In the early 1950s transistors had not yet replaced vacuum tubes in most electronics. Tubes varied widely in their actual characteristics, and engineers had developed techniques to ensure that the overall circuit was not overly sensitive to these changes. The same techniques had not yet been developed for transistor-based systems, they were simply too new. While smaller circuits could be "hand tuned" to work, larger systems using many transistors were not well understood. At the same time transistors were still expensive; a tube cost about $0.75 while a similar transistor cost about $8. This limited the amount of experimentation most companies were able to perform.

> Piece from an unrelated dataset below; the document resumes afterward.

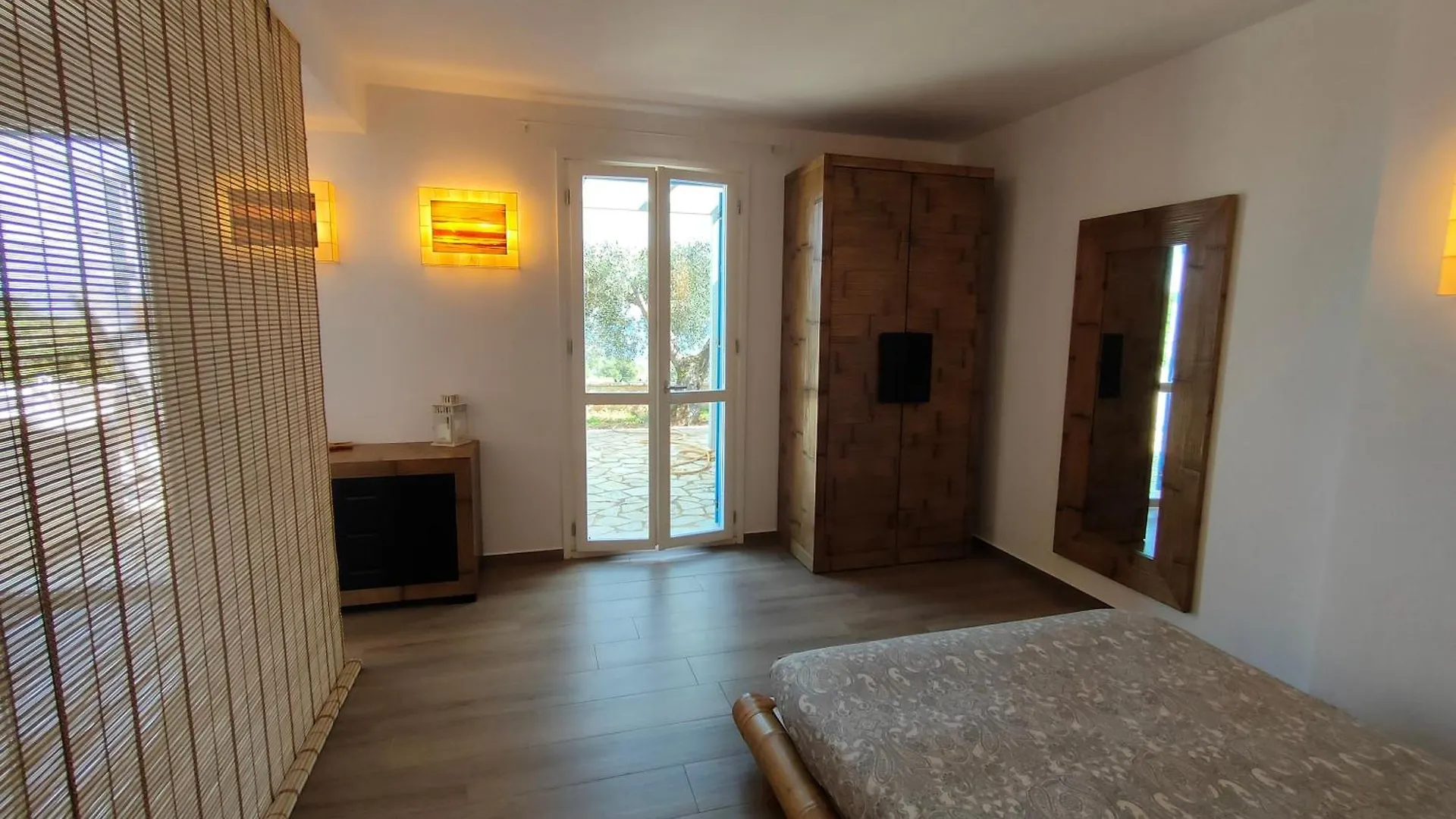 Feriehus Villa Sasa Fiskardo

The DRTE was originally set up to improve communications systems, and to this end they started a research program into using transistors in complex circuits in a new Electronics Lab under the direction of Norman Moody. Between 1950 and 1960, the Electronics Lab became a major center of excellence in the field of transistors, and through an outreach program, the Electronic Component Research and Development Committee, were able to pass on their knowledge to visiting engineers from major Canadian electronics firms who were entering the transistor field.
The key development that led to the eventual construction of the computer was Moody's invention of a new type of flip-flop circuit, a key component of all computer systems. Moody's design used a P-N-P-N junction, consisting of a PNP and NPN transistor connected back-to-back. Most machines of the era used Eccles-Jordan flip-flops; this was originally a tube-based concept that was being used by replacing the tubes with transistors. The P-N-P-N circuit offered much higher power output, allowing it to drive a greater number of "downstream" circuits without additional amplifiers. The overall effect was to reduce, sometimes greatly, the total number of transistors needed to implement a digital circuit. Moody published his circuit in 1956.
One downside, only realized later, is that the current draw of the flip-flop was not balanced, so storing different numbers in them could lead to dramatically different current needs on the power supply. Generally this sort of changing load is something that should be avoided wherever possible to reduce noise generated when the power draw increases or decreases. At very low power levels, as in a computer, these pulses of noise can be as powerful as the signals themselves.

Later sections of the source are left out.